Records:
====
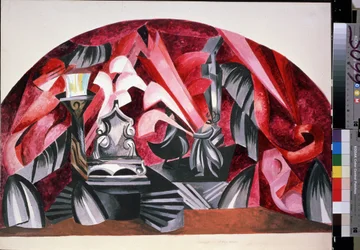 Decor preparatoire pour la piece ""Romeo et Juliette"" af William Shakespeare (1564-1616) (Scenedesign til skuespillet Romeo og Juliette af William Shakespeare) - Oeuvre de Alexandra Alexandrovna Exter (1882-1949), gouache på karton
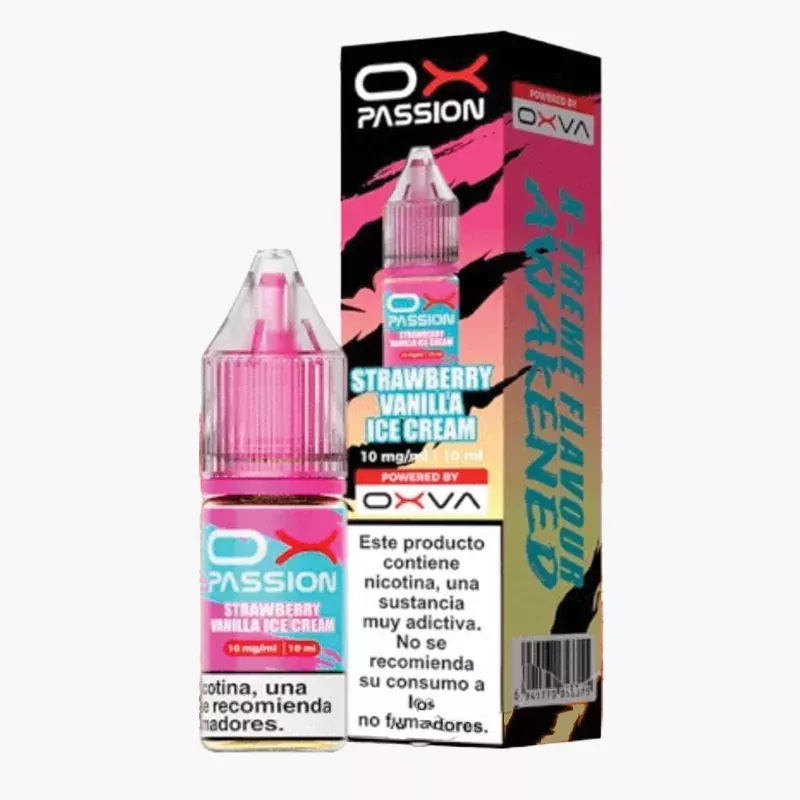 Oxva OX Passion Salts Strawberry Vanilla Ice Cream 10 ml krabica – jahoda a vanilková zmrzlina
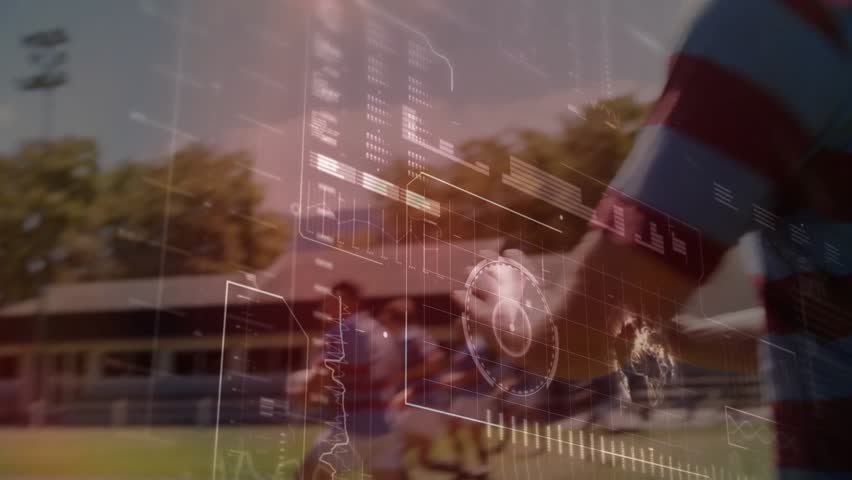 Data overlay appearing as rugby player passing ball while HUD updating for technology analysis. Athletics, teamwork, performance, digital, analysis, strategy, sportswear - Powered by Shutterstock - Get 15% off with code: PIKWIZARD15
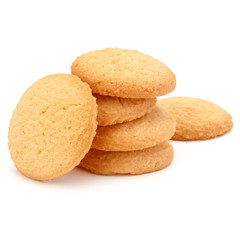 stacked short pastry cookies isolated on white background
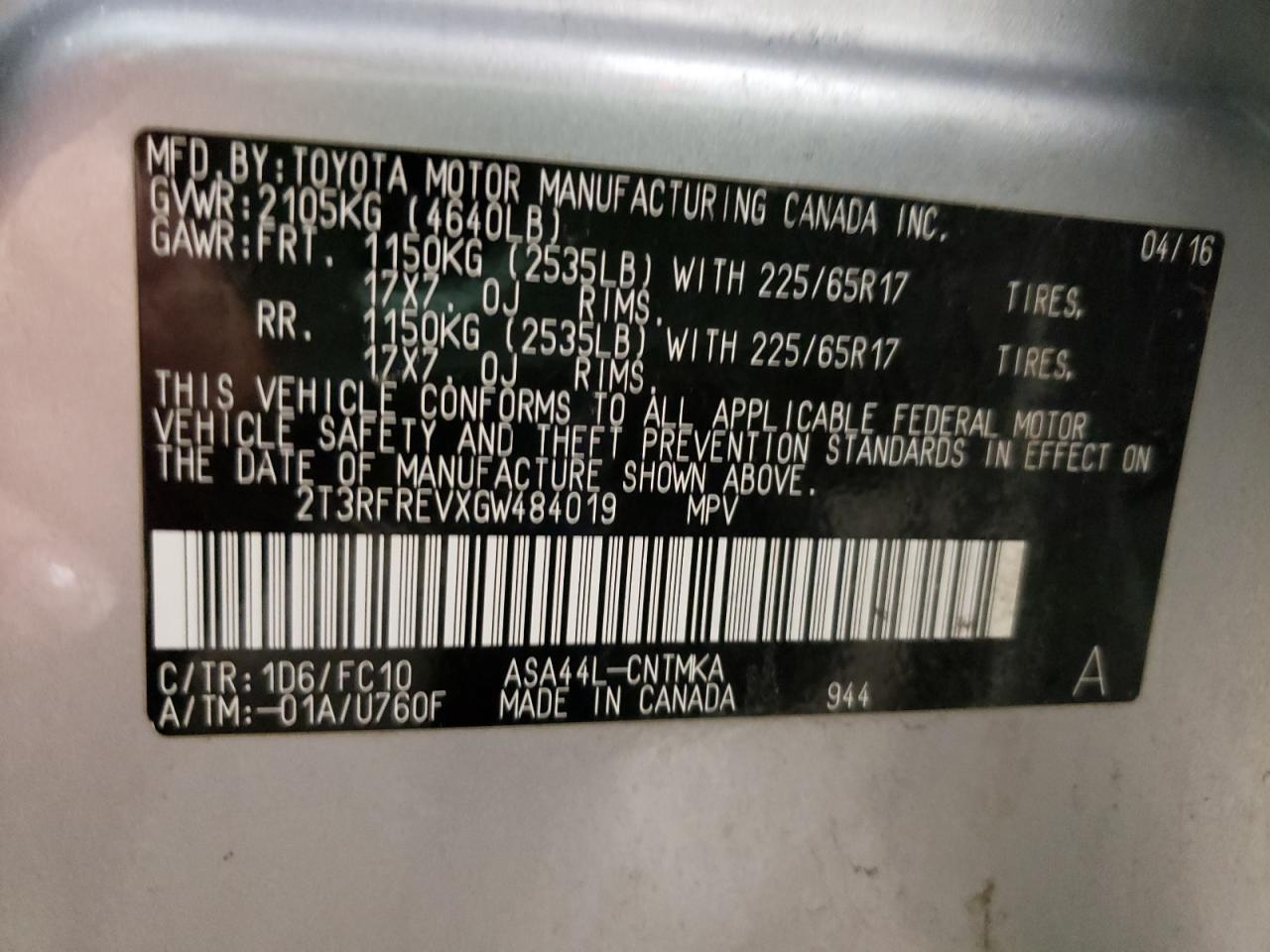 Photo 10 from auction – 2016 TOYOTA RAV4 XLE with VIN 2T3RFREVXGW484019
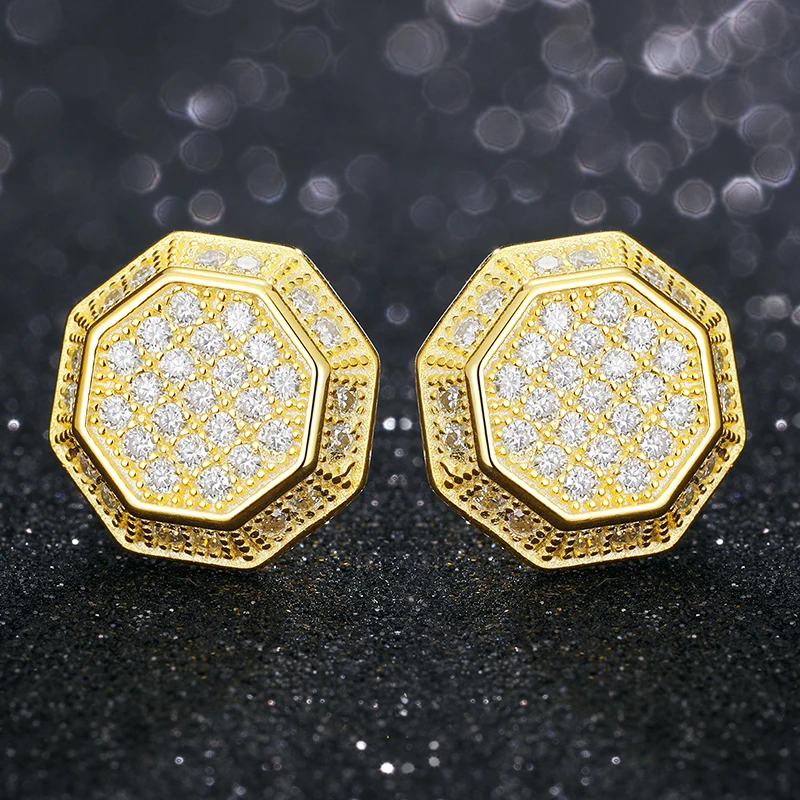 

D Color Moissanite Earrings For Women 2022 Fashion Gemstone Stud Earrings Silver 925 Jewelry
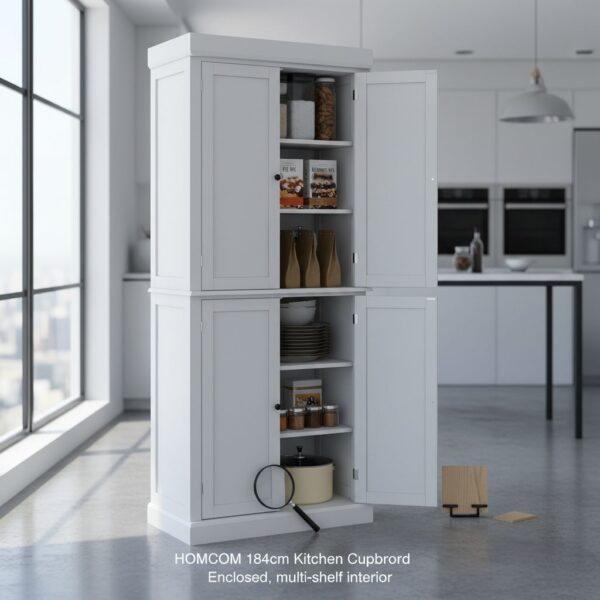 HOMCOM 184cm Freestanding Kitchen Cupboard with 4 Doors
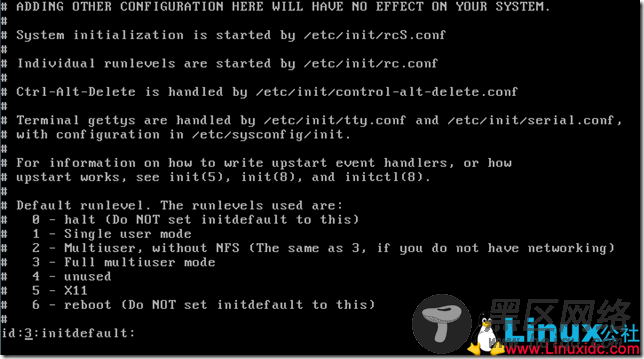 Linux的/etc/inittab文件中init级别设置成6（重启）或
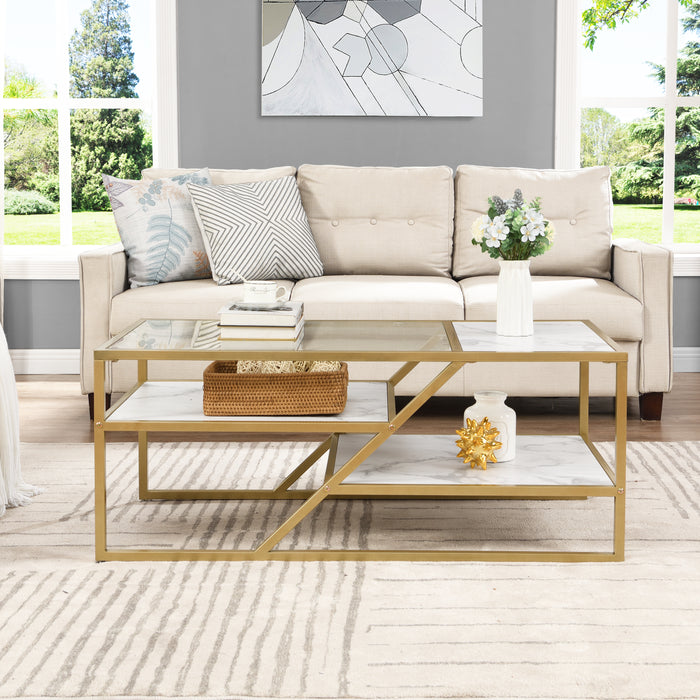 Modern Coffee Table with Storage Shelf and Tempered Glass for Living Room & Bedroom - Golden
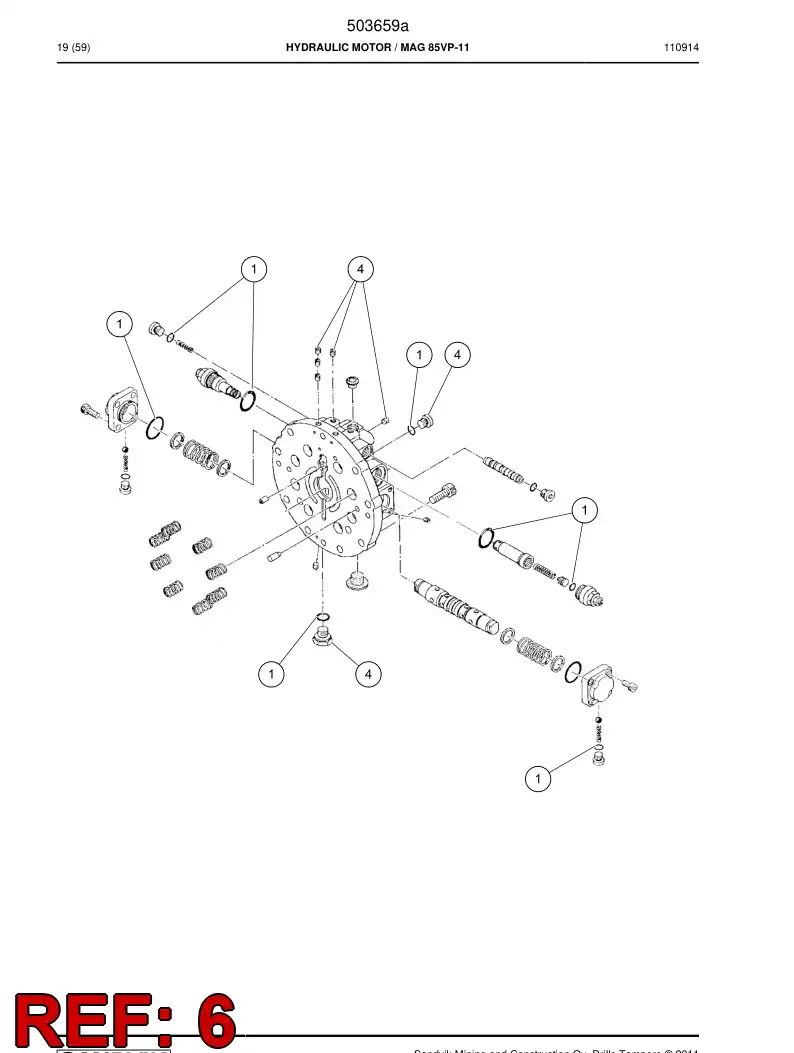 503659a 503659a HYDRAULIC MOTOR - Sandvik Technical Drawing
====
What is required: Take the material above and output only the lines from the one that contains "Data overlay appearing" through the one that contains "Modern Coffee Table", ends included and images left out.

Response area:
 Data overlay appearing as rugby player passing ball while HUD updating for technology analysis. Athletics, teamwork, performance, digital, analysis, strategy, sportswear - Powered by Shutterstock - Get 15% off with code: PIKWIZARD15
 stacked short pastry cookies isolated on white background
 Photo 10 from auction – 2016 TOYOTA RAV4 XLE with VIN 2T3RFREVXGW484019

D Color Moissanite Earrings For Women 2022 Fashion Gemstone Stud Earrings Silver 925 Jewelry
 HOMCOM 184cm Freestanding Kitchen Cupboard with 4 Doors
 Linux的/etc/inittab文件中init级别设置成6（重启）或
 Modern Coffee Table with Storage Shelf and Tempered Glass for Living Room & Bedroom - Golden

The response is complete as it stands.